The approved stability information
Every vessel must carry approved stability information — for yachts operating under the Red Ensign Group Yacht Code (REG YC Part A, which superseded LY3) this is provided in the Stability Booklet (sometimes called the Trim and Stability Booklet). This is a flag-state approved document produced from the Inclining Experiment or, for series-built yachts, from a sister-ship experiment with a lightweight survey. It is not optional and must be available to the Master at all times. The Master is responsible for ensuring the vessel is operated within its approved limits.
Key contents to know:
- Lightship displacement and LCG/VCG from the inclining experiment
- Maximum permissible KG or minimum permissible GM curves against displacement
- Hydrostatic tables and cross-curves of stability (KN curves)
- Sample loading conditions showing compliant and, where relevant, limiting cases
- Free surface correction methodology
- Any vessel-specific operational limits (e.g. maximum angle of heel in a turn, stabiliser restrictions)
Working knowledge in practice
At command level the examiner expects you to demonstrate that you use this information, not merely possess it.
Before departure: Calculate or verify the departure and arrival condition. Check KG (or GM) against the approved curve for the actual displacement. Verify the vessel is in positive, adequate stability — not just technically compliant.
Free surface effect: Any slack tank degrades GM. Minimise the number of slack tanks simultaneously. Filling or emptying tanks to a known state is a stability management decision, not just a fuel management one.

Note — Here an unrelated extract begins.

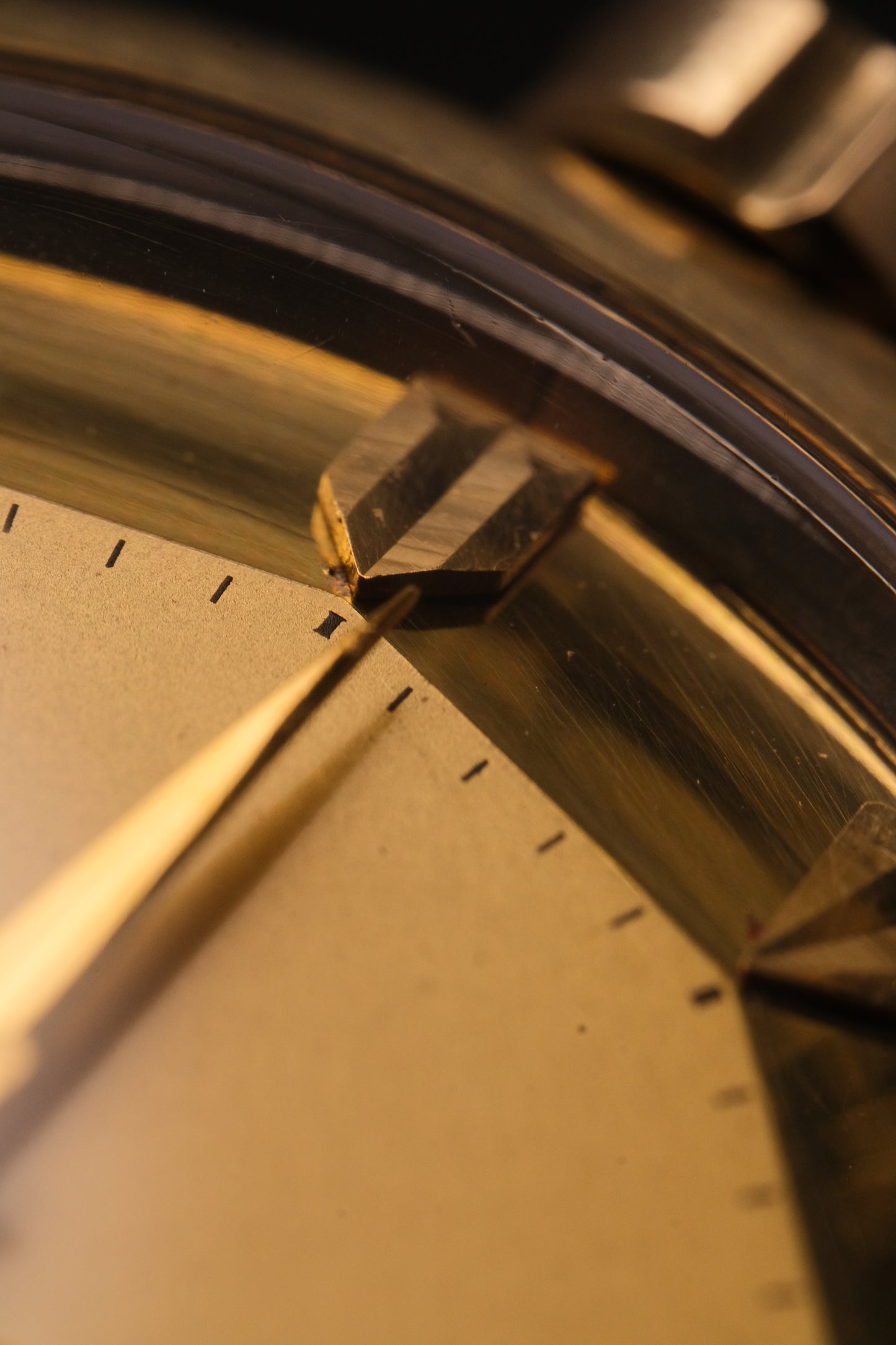 OMEGA Constellation Delux 12-sided pie pan Ref.14381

Trim: A vessel may be stable but trimmed in a way that impairs steering, propeller emergence, or watertight integrity of openings. Trim affects the freeboard at the bow and stern — a command consideration, not merely a comfort issue.
At sea: Loading changes (stores consumed, fuel burned, water made/used, catch embarked, anchors deployed) alter displacement, KG and trim continuously. The Master must understand the direction of change and when a recalculation is warranted.
Intact vs. damage stability: The booklet addresses intact stability. The Master must know the vessel's subdivision characteristics and, where a damage stability booklet or SOLAS equivalence documentation exists, where it is and how to interpret it.
Recognising a problem: Sluggish return from a roll, a persistent list with no obvious cause, unusual sensitivity to beam seas — these are the practical cues that send a competent Master to the stability booklet, not away from it.